We accepted data in any form collaborators were able to share it, converted it to a community-standard data structure for reproducible neuroimaging (the Brain Imaging Data Structure [BIDS]), and processed it with pipelines based on the FreeSurfer library. When encountering restrictive data access, we implemented a federated approach whereby collaborators implemented similar pipelines on their own data. When possible, we obtained permission to openly share datasets for future use by the community. We focused extensively on replicability by creating a technically novel out-of-sample estimator to 1) confirm unbiased and reliable centile scores for scans that had not been included in the reference data, and 2) allow future users to upload their own data for brain charting without any requirement for data transfer agreements or any risk of breaching data confidentiality compliance. For sharing our tools and results, we built an interactive, containerised R Shiny platform (www.brainchart.io) and the fundamental code was openly shared on GitHub (https://github.com/brainchart/Lifespan) for others to use or improve. Our brain chart results can be replicated by other groups applying different approaches to the same underlying data, and new data can be used to validate growth charts using the reproducible software we developed for the original dataset. Looking forward, our brain chart resource can be used as a blueprint for other radiomics applications and other clinical ‘omics data.
Our experience has been overwhelmingly positive. We found a strong appetite across the global MRI research community to share data and we demonstrated convincingly that multiple primary datasets could be harmonized and analyzed to produce an outcome greater than the sum of its parts.

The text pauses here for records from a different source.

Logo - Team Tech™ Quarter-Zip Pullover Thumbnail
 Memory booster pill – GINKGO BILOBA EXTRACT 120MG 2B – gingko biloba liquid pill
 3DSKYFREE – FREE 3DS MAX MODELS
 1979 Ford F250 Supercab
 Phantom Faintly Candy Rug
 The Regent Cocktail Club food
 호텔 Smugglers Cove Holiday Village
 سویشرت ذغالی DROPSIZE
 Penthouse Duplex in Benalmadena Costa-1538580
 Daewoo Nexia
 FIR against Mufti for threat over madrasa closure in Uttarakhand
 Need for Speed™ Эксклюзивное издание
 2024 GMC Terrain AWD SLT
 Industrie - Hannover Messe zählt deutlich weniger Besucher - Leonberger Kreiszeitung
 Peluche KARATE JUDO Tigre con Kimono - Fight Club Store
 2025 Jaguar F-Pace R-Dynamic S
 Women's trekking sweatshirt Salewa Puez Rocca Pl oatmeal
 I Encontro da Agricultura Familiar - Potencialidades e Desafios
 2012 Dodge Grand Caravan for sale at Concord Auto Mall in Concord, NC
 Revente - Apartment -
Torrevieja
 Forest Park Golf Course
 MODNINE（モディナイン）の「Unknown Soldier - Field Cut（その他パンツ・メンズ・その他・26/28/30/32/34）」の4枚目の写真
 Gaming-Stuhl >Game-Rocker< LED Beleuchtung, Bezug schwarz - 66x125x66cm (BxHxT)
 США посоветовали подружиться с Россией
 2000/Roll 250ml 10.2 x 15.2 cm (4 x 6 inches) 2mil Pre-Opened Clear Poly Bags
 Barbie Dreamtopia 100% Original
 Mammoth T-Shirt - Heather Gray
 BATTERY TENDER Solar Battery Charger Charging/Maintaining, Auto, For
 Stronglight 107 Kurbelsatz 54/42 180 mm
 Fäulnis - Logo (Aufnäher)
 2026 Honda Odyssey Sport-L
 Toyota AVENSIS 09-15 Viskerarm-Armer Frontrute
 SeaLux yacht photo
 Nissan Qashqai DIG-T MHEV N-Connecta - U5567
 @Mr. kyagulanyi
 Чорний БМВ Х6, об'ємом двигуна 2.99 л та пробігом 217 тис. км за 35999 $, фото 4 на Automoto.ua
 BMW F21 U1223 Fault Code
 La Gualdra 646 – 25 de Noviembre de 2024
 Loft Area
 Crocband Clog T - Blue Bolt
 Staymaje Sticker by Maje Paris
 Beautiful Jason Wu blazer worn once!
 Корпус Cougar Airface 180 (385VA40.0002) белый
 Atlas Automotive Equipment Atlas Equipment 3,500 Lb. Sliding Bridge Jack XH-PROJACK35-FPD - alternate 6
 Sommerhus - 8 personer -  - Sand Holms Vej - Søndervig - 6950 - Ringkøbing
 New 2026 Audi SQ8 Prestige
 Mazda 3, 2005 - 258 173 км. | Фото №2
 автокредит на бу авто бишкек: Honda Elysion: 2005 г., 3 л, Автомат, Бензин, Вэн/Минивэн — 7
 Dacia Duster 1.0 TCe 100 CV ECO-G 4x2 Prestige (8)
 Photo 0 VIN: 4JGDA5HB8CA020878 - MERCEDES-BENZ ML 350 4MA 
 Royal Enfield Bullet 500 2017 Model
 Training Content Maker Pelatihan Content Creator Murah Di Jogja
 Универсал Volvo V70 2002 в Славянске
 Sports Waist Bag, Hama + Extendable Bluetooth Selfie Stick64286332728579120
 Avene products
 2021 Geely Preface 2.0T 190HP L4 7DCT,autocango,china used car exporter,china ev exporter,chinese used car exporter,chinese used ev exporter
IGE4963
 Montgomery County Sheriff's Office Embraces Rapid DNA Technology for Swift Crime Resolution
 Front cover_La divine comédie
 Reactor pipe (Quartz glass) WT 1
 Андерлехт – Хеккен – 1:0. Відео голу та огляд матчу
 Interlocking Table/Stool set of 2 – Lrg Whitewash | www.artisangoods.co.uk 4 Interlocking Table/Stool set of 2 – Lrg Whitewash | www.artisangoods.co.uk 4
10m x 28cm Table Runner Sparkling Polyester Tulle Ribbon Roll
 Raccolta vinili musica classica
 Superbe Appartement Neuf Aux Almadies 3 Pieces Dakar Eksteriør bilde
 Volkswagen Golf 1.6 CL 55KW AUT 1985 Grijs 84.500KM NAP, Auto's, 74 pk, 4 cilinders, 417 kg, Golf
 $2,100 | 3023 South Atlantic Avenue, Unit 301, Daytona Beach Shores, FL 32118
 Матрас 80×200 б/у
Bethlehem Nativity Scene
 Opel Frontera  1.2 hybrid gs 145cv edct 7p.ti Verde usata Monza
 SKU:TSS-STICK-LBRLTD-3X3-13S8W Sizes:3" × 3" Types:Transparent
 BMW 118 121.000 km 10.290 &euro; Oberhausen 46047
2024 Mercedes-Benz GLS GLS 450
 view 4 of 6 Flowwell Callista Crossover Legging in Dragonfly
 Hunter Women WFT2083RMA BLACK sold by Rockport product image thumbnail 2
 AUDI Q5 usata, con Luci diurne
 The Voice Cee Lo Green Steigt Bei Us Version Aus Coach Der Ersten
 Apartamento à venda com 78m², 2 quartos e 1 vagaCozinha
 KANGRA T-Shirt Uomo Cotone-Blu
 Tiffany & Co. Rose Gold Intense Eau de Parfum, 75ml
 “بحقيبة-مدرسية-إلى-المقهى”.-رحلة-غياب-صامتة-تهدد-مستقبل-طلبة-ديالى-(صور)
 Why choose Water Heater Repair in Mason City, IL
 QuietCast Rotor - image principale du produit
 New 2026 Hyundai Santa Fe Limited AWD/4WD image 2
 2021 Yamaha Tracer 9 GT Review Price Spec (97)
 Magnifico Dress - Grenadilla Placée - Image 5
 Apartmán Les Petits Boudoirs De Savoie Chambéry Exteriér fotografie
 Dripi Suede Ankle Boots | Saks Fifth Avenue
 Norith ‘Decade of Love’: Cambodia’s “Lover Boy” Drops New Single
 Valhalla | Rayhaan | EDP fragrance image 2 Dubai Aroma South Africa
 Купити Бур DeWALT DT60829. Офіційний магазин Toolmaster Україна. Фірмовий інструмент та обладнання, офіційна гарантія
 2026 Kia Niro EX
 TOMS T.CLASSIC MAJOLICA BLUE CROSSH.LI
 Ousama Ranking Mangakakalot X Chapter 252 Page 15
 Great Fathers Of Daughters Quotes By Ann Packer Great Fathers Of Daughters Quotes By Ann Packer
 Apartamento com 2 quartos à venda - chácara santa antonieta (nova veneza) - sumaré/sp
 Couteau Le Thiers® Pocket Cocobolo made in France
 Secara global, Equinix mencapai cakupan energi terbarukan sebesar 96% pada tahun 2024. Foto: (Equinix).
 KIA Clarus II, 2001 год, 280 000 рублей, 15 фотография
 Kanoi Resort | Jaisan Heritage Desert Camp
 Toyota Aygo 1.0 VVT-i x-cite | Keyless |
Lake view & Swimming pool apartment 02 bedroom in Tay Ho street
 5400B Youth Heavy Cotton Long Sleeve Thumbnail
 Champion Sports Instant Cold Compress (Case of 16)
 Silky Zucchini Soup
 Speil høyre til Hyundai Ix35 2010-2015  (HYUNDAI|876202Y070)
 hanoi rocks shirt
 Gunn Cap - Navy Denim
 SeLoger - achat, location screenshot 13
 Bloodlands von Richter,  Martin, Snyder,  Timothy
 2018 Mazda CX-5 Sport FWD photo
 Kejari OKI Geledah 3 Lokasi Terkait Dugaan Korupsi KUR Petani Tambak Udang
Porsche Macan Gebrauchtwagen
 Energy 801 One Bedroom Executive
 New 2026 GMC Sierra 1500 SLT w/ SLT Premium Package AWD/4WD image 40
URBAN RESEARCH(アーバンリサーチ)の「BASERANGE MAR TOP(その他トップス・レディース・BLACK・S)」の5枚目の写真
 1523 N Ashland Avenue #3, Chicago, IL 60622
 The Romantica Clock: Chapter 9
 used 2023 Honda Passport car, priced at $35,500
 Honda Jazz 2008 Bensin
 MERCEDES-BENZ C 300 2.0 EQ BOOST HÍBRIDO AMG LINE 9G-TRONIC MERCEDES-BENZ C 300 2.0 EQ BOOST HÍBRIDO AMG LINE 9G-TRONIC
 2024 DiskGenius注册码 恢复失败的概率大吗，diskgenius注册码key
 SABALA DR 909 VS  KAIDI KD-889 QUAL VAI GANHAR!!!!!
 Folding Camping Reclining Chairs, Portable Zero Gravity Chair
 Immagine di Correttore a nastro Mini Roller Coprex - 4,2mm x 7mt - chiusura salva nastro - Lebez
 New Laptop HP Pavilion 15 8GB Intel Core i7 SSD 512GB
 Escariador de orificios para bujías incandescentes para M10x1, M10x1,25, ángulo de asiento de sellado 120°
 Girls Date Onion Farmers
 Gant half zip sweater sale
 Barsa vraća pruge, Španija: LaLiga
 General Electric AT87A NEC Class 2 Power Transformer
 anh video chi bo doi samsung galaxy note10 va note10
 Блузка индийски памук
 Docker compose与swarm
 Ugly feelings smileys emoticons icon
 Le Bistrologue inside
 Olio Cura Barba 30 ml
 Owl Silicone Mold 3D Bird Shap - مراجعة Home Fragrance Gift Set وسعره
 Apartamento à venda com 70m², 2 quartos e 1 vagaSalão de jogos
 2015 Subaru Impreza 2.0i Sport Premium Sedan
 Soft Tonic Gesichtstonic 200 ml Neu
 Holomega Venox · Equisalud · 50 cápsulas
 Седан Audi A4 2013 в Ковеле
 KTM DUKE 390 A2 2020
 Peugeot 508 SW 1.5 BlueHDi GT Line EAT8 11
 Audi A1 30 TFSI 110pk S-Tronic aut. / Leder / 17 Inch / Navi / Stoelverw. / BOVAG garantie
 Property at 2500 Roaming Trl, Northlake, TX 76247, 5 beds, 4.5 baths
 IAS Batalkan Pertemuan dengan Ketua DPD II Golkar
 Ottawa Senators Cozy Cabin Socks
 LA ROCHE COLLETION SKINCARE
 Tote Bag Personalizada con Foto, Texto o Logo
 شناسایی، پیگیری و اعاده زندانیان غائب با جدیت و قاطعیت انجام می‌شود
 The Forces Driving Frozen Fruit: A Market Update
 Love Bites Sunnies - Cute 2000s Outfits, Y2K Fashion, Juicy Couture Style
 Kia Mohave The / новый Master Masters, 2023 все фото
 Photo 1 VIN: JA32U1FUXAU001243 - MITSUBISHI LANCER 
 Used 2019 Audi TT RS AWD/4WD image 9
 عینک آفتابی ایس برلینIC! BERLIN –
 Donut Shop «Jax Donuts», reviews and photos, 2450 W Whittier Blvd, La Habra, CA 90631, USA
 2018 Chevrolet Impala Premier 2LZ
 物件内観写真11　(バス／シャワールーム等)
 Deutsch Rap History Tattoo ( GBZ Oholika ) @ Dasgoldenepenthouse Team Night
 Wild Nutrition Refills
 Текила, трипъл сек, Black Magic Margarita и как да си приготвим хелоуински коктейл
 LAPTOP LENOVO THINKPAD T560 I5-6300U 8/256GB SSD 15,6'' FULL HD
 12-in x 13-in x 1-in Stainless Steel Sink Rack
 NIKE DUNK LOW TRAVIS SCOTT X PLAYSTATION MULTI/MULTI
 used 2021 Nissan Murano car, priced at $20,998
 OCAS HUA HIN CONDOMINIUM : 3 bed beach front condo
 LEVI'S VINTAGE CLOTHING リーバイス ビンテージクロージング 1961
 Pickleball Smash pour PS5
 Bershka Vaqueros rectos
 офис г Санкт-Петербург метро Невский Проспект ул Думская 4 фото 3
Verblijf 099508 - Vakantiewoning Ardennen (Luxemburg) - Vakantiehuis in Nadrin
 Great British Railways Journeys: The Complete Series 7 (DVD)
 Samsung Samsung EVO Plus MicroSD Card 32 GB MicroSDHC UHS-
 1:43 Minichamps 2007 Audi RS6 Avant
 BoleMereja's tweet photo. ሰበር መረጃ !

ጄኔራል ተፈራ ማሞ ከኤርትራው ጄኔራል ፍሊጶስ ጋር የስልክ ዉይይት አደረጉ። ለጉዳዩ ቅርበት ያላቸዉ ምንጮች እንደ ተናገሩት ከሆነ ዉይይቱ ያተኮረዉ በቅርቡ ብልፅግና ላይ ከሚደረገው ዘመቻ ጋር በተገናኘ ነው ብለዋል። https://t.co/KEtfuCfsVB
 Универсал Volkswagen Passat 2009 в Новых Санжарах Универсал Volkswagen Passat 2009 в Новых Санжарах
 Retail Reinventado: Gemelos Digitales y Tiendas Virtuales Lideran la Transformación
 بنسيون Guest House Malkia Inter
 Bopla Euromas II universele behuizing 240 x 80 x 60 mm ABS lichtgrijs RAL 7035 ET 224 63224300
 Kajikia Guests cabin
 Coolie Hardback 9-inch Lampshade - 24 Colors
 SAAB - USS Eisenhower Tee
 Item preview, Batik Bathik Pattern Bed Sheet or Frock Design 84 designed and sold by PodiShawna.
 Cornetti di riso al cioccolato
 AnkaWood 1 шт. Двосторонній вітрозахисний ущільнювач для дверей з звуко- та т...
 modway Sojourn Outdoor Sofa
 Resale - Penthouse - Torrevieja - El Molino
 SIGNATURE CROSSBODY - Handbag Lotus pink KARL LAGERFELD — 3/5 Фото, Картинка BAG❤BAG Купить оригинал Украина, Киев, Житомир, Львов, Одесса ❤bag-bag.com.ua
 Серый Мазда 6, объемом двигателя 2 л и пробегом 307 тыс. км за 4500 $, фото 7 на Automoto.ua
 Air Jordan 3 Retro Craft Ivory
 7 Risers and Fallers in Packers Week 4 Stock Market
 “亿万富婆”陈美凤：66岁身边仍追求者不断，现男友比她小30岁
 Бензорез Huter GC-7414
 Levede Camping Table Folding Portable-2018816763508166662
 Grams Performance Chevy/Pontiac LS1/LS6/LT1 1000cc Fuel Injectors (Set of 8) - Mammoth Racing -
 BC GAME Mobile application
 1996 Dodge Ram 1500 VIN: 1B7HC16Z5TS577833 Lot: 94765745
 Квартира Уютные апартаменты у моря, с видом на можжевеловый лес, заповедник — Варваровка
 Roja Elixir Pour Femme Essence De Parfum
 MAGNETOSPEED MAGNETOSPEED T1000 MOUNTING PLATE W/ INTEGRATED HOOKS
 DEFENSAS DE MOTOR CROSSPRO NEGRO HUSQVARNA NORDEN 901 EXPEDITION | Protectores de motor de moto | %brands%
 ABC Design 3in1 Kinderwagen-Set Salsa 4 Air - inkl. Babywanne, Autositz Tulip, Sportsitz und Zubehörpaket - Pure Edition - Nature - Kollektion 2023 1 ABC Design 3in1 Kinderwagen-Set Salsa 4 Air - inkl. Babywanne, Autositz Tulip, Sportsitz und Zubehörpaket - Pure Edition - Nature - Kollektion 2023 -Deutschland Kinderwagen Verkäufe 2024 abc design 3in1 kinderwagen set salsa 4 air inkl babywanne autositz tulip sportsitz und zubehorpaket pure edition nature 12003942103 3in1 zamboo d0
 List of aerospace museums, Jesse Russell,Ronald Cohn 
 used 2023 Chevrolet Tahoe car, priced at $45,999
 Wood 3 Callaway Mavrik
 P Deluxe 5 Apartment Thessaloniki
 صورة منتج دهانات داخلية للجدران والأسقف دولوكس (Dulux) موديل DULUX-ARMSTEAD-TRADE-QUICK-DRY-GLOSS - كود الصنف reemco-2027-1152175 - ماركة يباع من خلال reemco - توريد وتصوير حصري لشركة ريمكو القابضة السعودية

We learnt that even the largest extant MRI dataset is not yet fully representative of socioeconomic and geographic diversity. The majority of available scans were from US or European populations, and generally biased towards ethnically white participants from UMICs. Data sharing on this scale opened our eyes to the need for more inclusive participation in brain research and our tools were designed to allow future studies of currently under-represented demographics to be incorporated in the brain chart framework.
We also learnt that incentives need careful consideration. Some of the most open primary datasets were shared without the relevant investigators satisfying journal criteria for co-authorship, so we had to acknowledge their contributions in other ways. All data-sharing communities should be vigilant about the potential paradox that the most open practices may be least rewarded by traditional standards for significant scientific contribution.